Just over a year later, I’m sitting back in my family’s home in Vermont feeling like none of this ever really happened. We made wonderful friends through my graduate program, explored the perimeter of Ireland almost in its entirety (and drove straight across the country many a time), hosted more friends and family than we can count on our collective fingers, and hopped on Ryanair flights to amazing cities all over Europe.
It was the kind of year many people dream of and most people never get to have. With that kind of pressure, there’s bound to be regrets, but we did our best to balance acclimating, traveling, and hosting.

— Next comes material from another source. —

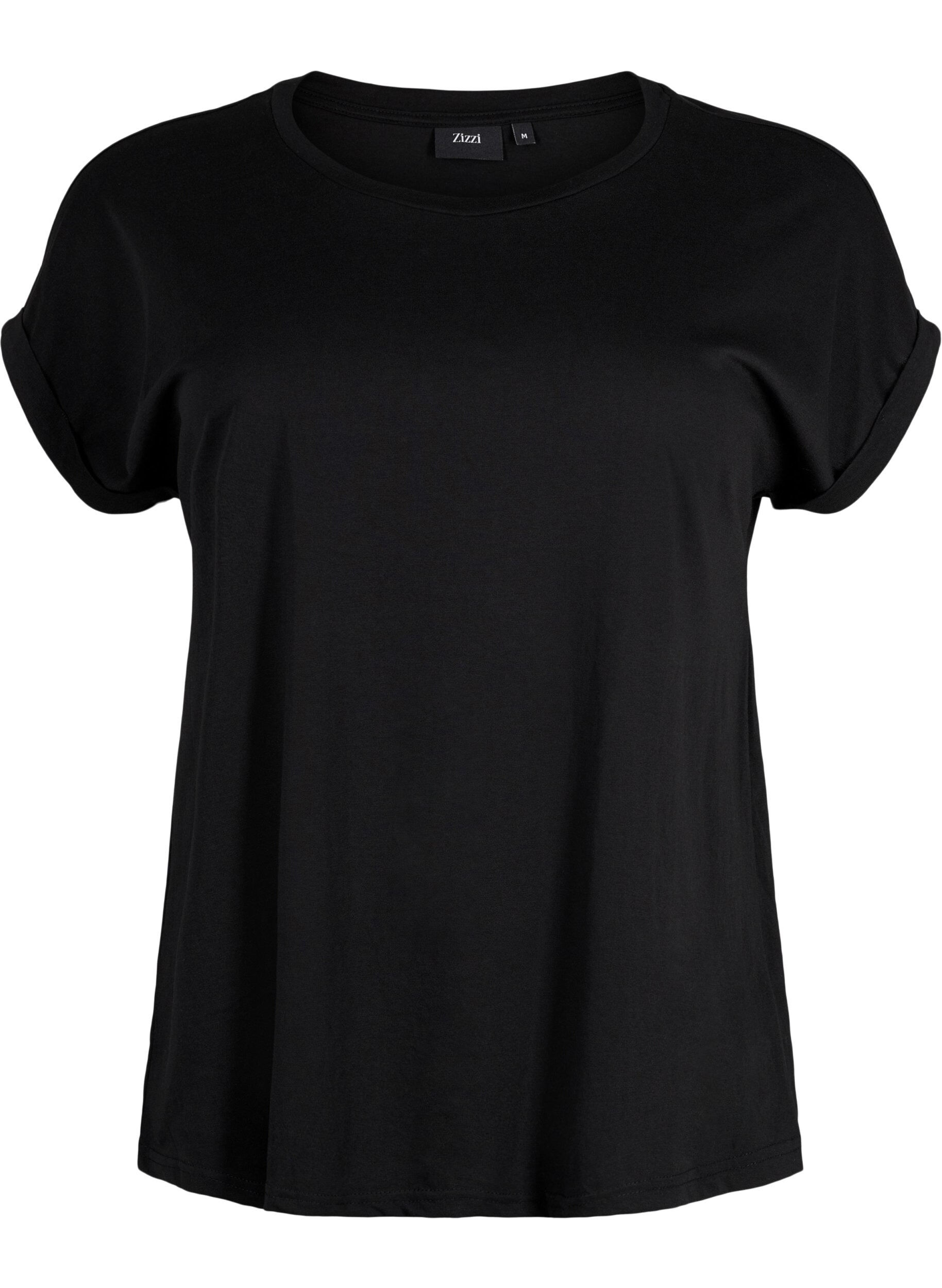 Kort&auml;rmad t-shirt i bomullsmix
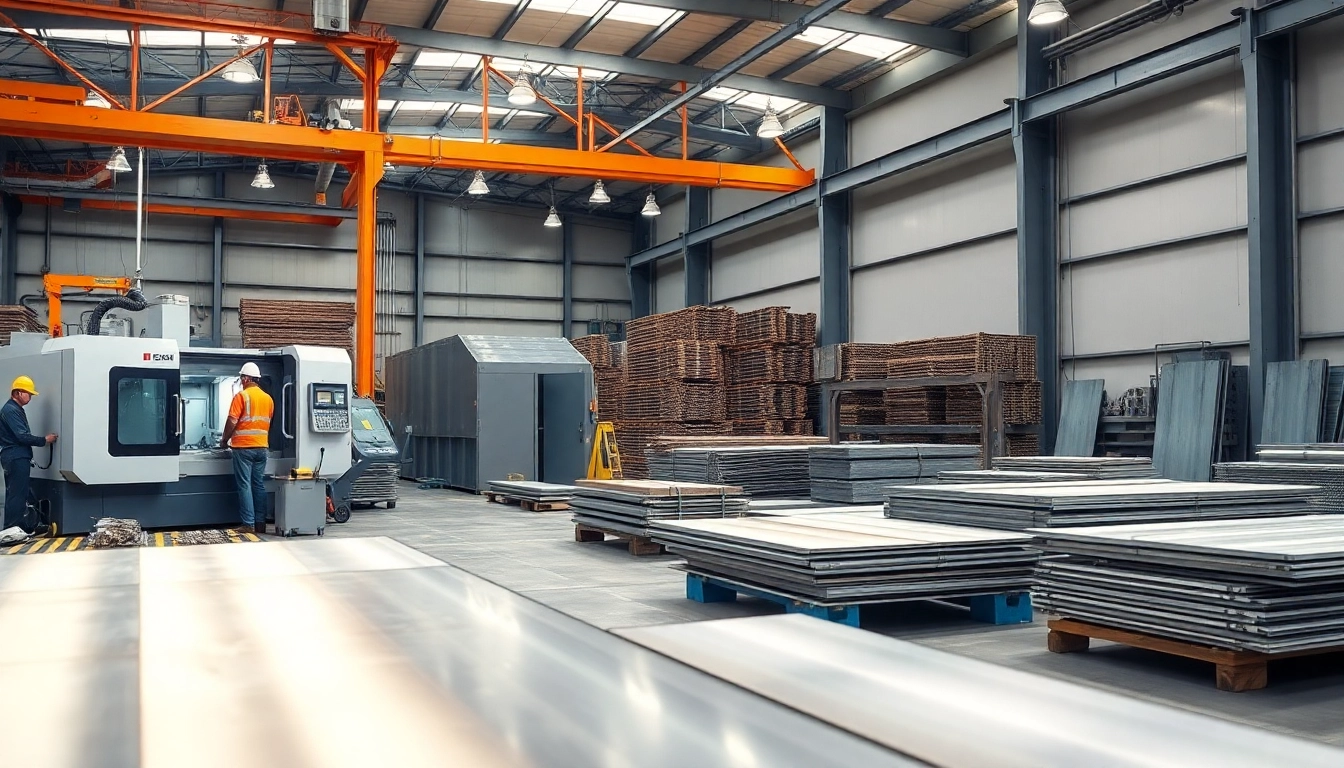 Metal manufacturer Edmonton showcasing workers operating machinery in a clean factory.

Dublin is a great city with so much to offer. The types of hipster bars and eateries we’d grown accustomed to in Austin are popping up by the minute, and the music scene is arguably the best in the world. Lively trad sessions are contained within even the most unassuming of pubs, and there are so many on every block that you’d be wise to follow your heart instead of your phone from time to time.
Dublin also has fabulous museums, many of which are free, the Guinness Storehouse and Jameson Distillery, surprisingly good food (you can expect to gain one kg per day), great theatre and nightlife. Still, if you can visit Ireland for more than a few days we encourage you to spend two or three nights in Dublin and then drive out to see the countryside. Check out our itineraries on the Ring of Kerry, Galway and Doolin, and Northern Ireland before planning your Ireland trip!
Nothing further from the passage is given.